For these nine Cardinals youngsters, late-inning work is vital
ST. LOUIS -- When their chance comes, the sun is sinking and most everyone at the ballpark has turned their attention to dinner or left for the day.
But for some, the final innings of the seemingly meaningless spring training exhibitions are anything but meaningless. For the young player still chasing his dream, this is the most important part of the year. This is the time to turn heads, perhaps the only opportunity all year to play in front of John Mozeliak, Mike Matheny and the rest of the Cardinals' brain trust. Impress now and you will be remembered.
Here are nine such players to keep tabs on when the 29-game spring schedule begins Thursday.
Dean Anna. After six seasons in the minors, the utility infielder opened the season with the Yankees in 2014. He was cut soon enough and landed with the Pirates' Class AAA club in Indianapolis. Pittsburgh dropped him after the season and the Cardinals signed him to a one-year, major league deal.
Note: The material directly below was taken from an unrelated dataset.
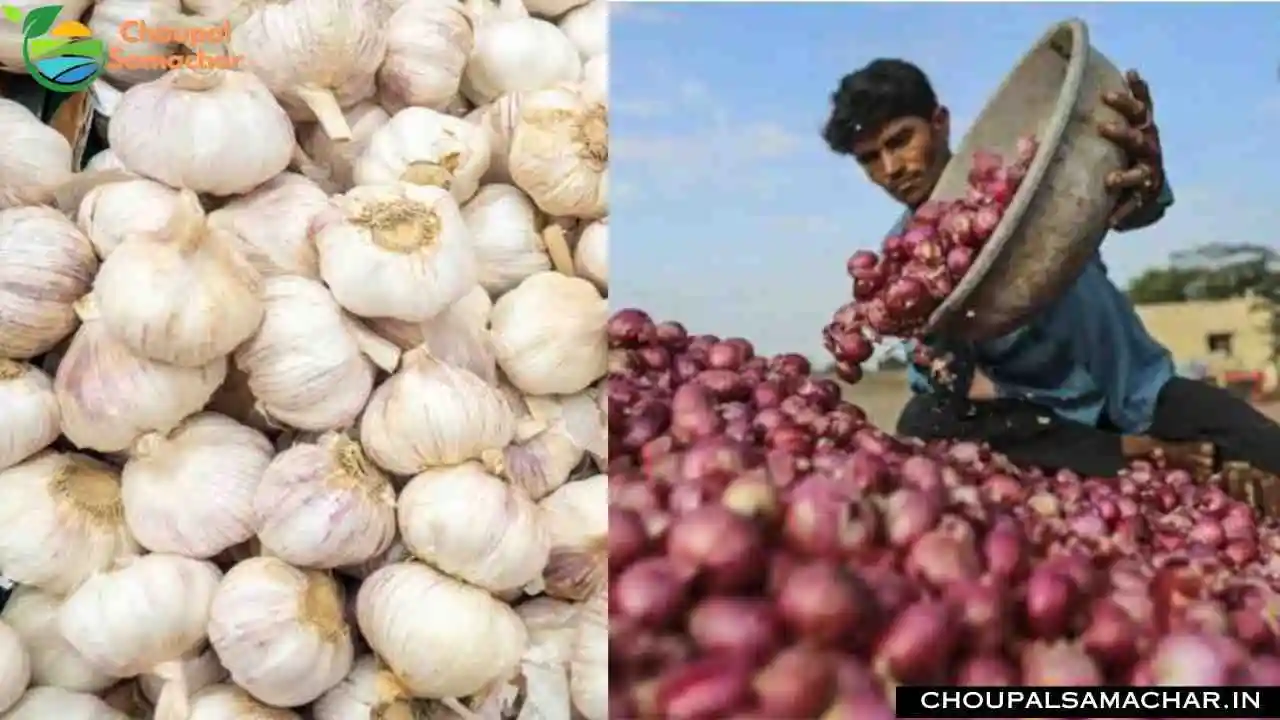 Onion Garlic Price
Anna will need an impressive showing in the exhibition season to stick with the Cardinals.
Tim Cooney. A third-round pick in 2012, Cooney got a chance in big-league camp last year and did not do much with it. Known for impeccable command, the left-hander walked four in six innings. He also gave up nine hits and 10 runs. Cooney enjoyed a strong season at Memphis last year, though, and remains near the front of the line for a sixth-starter-type job. How far Cooney pushes someone such as Tyler Lyons for that kind of role will depend on how well he pitches in camp. Cooney should not lack for opportunities; he is scheduled to follow Carlos Martinez in Thursday's exhibition opener against the Marlins.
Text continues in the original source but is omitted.